Your objective: Would you write out all the records again, exactly?

--- Data excerpts ---

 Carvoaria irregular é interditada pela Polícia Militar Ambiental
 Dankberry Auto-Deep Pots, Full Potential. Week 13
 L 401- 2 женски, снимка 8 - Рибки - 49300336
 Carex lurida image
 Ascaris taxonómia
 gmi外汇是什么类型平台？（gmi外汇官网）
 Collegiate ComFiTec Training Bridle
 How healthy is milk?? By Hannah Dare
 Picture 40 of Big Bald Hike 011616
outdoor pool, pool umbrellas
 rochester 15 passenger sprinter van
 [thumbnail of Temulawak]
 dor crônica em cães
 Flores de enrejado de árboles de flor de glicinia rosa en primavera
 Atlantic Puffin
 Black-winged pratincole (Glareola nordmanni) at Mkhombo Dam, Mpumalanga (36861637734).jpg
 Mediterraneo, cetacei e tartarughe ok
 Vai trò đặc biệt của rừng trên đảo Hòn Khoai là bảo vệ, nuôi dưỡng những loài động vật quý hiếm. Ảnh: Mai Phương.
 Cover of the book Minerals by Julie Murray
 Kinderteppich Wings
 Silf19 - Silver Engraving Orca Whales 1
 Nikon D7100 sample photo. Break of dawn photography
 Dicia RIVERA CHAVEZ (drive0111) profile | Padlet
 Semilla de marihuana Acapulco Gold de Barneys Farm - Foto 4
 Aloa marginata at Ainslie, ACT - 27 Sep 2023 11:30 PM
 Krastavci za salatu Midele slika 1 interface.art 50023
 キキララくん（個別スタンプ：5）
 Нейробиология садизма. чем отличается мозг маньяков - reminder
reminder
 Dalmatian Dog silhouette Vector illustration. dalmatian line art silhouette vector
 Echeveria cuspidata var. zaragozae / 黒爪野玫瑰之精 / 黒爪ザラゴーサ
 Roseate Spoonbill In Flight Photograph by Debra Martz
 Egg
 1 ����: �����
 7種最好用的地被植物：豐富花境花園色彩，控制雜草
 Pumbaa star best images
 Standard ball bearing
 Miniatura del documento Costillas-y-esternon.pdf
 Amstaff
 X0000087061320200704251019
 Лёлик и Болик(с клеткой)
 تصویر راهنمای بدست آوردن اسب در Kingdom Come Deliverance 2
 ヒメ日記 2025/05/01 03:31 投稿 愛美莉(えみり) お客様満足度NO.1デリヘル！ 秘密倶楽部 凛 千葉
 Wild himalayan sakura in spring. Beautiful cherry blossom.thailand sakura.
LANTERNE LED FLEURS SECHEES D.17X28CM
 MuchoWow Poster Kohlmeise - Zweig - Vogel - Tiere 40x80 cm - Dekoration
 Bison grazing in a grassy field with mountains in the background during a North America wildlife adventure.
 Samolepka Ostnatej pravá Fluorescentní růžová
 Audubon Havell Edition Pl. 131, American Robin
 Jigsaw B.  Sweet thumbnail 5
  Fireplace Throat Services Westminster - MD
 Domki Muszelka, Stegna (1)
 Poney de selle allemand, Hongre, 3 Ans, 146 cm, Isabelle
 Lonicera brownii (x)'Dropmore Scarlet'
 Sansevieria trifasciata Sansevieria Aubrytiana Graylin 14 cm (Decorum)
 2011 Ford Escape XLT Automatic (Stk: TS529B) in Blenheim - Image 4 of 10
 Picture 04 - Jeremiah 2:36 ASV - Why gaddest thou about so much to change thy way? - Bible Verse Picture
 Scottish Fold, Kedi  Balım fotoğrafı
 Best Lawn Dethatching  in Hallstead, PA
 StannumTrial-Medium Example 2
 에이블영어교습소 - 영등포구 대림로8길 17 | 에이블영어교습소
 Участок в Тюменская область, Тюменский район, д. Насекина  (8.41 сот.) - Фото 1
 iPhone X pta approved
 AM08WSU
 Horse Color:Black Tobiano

---

Your solution:
 Carvoaria irregular é interditada pela Polícia Militar Ambiental
 Dankberry Auto-Deep Pots, Full Potential. Week 13
 L 401- 2 женски, снимка 8 - Рибки - 49300336
 Carex lurida image
 Ascaris taxonómia
 gmi外汇是什么类型平台？（gmi外汇官网）
 Collegiate ComFiTec Training Bridle
 How healthy is milk?? By Hannah Dare
 Picture 40 of Big Bald Hike 011616
outdoor pool, pool umbrellas
 rochester 15 passenger sprinter van
 [thumbnail of Temulawak]
 dor crônica em cães
 Flores de enrejado de árboles de flor de glicinia rosa en primavera
 Atlantic Puffin
 Black-winged pratincole (Glareola nordmanni) at Mkhombo Dam, Mpumalanga (36861637734).jpg
 Mediterraneo, cetacei e tartarughe ok
 Vai trò đặc biệt của rừng trên đảo Hòn Khoai là bảo vệ, nuôi dưỡng những loài động vật quý hiếm. Ảnh: Mai Phương.
 Cover of the book Minerals by Julie Murray
 Kinderteppich Wings
 Silf19 - Silver Engraving Orca Whales 1
 Nikon D7100 sample photo. Break of dawn photography
 Dicia RIVERA CHAVEZ (drive0111) profile | Padlet
 Semilla de marihuana Acapulco Gold de Barneys Farm - Foto 4
 Aloa marginata at Ainslie, ACT - 27 Sep 2023 11:30 PM
 Krastavci za salatu Midele slika 1 interface.art 50023
 キキララくん（個別スタンプ：5）
 Нейробиология садизма. чем отличается мозг маньяков - reminder
reminder
 Dalmatian Dog silhouette Vector illustration. dalmatian line art silhouette vector
 Echeveria cuspidata var. zaragozae / 黒爪野玫瑰之精 / 黒爪ザラゴーサ
 Roseate Spoonbill In Flight Photograph by Debra Martz
 Egg
 1 ����: �����
 7種最好用的地被植物：豐富花境花園色彩，控制雜草
 Pumbaa star best images
 Standard ball bearing
 Miniatura del documento Costillas-y-esternon.pdf
 Amstaff
 X0000087061320200704251019
 Лёлик и Болик(с клеткой)
 تصویر راهنمای بدست آوردن اسب در Kingdom Come Deliverance 2
 ヒメ日記 2025/05/01 03:31 投稿 愛美莉(えみり) お客様満足度NO.1デリヘル！ 秘密倶楽部 凛 千葉
 Wild himalayan sakura in spring. Beautiful cherry blossom.thailand sakura.
LANTERNE LED FLEURS SECHEES D.17X28CM
 MuchoWow Poster Kohlmeise - Zweig - Vogel - Tiere 40x80 cm - Dekoration
 Bison grazing in a grassy field with mountains in the background during a North America wildlife adventure.
 Samolepka Ostnatej pravá Fluorescentní růžová
 Audubon Havell Edition Pl. 131, American Robin
 Jigsaw B.  Sweet thumbnail 5
  Fireplace Throat Services Westminster - MD
 Domki Muszelka, Stegna (1)
 Poney de selle allemand, Hongre, 3 Ans, 146 cm, Isabelle
 Lonicera brownii (x)'Dropmore Scarlet'
 Sansevieria trifasciata Sansevieria Aubrytiana Graylin 14 cm (Decorum)
 2011 Ford Escape XLT Automatic (Stk: TS529B) in Blenheim - Image 4 of 10
 Picture 04 - Jeremiah 2:36 ASV - Why gaddest thou about so much to change thy way? - Bible Verse Picture
 Scottish Fold, Kedi  Balım fotoğrafı
 Best Lawn Dethatching  in Hallstead, PA
 StannumTrial-Medium Example 2
 에이블영어교습소 - 영등포구 대림로8길 17 | 에이블영어교습소
 Участок в Тюменская область, Тюменский район, д. Насекина  (8.41 сот.) - Фото 1
 iPhone X pta approved
 AM08WSU
 Horse Color:Black Tobiano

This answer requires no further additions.